There was a serious component to Friday's frivolity. Statue designer Brian Maughan, the same artist who made the four statues outside Miller Park -- Hank Aaron, Allan H. "Bud" Selig, Robin Yount and Uecker -- included an extra seat next to the seated Uecker. Fans who make a donation to the Brewers Community Foundation and Make A Wish Foundation will get to take their picture alongside the likeness of Uecker.
Uecker made sure to mention the charitable angle on Friday afternoon, but the day was mostly fun. Yount and fellow Hall of Famer Rollie Fingers were on hand for a ceremony down on the field with Uecker's friends and family, plus Brewers players and front-office officials.
When Yount stepped to the podium, he looked around the quiet ballpark.
"Fifty thousand empty seats," Yount said. "What a ceremony."
Said Fingers: "I don't know how … you're going to get up there to see it, but congratulations."
The new Uecker statue is made of bronze, but unlike the others at Miller Park, has color effects. Uecker is shown wearing a bright blue shirt, tan pants and, as usual, a big smile.
He wore that smile wide in the Miller Lite ads, which featured legendary athletes from every major sport, including Billy Martin, Mickey Mantle, Ray Nitschke, John Madden, Dick Butkus and Joe Frazier.
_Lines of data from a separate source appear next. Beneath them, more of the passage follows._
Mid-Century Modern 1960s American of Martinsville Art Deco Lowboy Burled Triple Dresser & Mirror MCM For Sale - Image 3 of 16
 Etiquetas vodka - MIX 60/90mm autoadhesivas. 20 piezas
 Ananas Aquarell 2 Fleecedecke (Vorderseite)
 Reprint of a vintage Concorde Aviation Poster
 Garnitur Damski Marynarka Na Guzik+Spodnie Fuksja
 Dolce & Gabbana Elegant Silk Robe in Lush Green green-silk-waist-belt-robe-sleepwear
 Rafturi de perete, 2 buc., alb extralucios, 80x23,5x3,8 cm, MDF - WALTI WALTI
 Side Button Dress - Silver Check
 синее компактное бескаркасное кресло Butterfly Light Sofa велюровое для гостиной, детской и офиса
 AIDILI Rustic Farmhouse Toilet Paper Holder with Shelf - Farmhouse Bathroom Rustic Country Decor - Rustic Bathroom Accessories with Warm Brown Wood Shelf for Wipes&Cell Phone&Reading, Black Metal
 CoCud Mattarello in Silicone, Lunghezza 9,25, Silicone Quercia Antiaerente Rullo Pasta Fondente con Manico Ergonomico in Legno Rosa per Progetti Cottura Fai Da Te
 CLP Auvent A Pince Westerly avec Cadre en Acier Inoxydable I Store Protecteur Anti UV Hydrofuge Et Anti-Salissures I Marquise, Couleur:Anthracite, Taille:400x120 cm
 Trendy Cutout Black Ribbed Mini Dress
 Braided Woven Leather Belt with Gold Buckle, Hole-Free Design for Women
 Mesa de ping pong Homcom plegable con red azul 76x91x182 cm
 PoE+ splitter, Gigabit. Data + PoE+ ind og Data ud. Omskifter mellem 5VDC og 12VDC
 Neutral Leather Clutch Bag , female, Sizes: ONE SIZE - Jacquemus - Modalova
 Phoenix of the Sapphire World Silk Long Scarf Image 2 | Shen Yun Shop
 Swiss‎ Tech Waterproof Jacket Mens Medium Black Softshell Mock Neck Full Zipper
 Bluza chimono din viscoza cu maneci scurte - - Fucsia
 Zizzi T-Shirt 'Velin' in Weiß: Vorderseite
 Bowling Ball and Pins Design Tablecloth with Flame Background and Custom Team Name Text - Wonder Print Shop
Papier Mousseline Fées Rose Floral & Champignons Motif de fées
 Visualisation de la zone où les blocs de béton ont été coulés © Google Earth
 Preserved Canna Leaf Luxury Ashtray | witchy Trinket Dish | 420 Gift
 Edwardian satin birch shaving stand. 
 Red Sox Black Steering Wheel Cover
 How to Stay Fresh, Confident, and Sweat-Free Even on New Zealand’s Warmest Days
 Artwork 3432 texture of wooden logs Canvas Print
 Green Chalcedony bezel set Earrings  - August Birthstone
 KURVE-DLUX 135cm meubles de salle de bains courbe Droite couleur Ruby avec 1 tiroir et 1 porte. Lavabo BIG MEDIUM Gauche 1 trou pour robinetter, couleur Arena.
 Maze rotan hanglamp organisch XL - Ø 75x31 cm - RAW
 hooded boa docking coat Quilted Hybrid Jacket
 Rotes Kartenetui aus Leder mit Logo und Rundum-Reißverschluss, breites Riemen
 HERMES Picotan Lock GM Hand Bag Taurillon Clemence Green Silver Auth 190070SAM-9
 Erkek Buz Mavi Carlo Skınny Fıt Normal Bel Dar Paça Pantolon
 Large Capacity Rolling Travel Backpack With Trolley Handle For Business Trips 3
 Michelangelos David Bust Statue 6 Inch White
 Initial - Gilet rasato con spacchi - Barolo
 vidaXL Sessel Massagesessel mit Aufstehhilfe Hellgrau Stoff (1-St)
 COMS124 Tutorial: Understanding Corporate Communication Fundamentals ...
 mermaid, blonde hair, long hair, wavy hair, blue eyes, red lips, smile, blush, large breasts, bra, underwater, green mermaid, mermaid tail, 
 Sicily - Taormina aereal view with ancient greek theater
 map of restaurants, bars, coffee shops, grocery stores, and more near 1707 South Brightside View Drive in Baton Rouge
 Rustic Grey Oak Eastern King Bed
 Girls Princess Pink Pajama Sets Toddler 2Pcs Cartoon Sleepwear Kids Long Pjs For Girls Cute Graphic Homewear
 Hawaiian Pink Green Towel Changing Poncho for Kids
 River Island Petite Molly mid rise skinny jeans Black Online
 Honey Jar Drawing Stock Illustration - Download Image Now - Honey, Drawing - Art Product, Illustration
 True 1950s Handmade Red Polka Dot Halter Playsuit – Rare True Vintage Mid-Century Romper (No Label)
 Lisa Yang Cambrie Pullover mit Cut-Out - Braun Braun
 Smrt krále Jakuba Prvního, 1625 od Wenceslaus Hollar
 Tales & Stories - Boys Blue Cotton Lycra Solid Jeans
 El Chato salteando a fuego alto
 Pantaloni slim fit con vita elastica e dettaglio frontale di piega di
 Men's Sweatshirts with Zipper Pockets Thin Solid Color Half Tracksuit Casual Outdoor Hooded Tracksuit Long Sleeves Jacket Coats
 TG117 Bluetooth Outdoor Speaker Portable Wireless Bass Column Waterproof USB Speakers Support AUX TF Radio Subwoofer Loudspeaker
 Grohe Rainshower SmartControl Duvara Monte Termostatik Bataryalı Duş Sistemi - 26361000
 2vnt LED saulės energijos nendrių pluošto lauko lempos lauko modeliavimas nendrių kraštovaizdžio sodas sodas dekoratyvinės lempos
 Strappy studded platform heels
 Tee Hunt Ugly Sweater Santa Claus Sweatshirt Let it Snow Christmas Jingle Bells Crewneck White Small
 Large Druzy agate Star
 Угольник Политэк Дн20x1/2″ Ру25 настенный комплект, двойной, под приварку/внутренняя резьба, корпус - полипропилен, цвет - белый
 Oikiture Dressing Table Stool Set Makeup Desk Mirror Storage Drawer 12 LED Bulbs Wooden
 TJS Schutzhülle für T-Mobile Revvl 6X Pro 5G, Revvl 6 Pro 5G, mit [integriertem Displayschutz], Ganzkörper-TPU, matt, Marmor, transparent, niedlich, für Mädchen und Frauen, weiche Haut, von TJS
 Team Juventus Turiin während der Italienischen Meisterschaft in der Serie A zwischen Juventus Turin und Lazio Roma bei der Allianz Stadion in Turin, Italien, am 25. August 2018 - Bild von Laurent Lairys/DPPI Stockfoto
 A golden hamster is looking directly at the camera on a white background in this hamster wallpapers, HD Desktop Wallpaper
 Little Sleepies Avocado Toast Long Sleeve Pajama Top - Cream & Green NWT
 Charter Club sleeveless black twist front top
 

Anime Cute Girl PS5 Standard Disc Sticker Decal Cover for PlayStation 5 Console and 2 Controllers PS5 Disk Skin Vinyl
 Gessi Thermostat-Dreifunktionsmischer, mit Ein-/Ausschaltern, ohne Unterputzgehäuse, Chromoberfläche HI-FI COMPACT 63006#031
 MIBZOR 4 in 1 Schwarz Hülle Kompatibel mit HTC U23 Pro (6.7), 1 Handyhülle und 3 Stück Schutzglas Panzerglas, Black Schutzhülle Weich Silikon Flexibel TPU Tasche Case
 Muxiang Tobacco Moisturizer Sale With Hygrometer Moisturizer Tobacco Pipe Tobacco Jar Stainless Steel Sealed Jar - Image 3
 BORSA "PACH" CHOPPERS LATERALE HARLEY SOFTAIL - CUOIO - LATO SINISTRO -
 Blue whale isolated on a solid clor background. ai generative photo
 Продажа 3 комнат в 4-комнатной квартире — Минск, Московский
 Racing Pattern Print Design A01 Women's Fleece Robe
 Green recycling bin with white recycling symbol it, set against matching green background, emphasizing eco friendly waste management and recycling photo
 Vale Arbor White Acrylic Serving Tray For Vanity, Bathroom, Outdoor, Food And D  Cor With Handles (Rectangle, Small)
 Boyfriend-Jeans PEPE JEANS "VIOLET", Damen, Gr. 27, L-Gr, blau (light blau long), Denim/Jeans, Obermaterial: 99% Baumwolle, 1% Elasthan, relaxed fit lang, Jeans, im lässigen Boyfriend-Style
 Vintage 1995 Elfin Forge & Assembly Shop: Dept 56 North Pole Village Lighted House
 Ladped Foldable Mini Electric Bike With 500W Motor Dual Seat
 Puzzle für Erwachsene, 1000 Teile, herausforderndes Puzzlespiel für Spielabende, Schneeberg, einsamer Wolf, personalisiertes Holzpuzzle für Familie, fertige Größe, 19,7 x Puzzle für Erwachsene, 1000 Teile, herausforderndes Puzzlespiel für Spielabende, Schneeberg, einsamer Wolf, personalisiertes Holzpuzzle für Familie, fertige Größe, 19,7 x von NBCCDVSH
It was just one of the off-the-field endeavors that made Uecker a national celebrity, beginning with his more than 100 appearances on "The Tonight Show with Johnny Carson."
"It's been a great ride and a great thrill to be able to work here and to be allowed by our former owner, Bud Selig, and now Mark Attanasio, to get myself involved in all of these other projects," Uecker said Friday. "Those Miller Lite years, the commercials that ran for some 17 years, were one of the most unbelievable times I've ever had."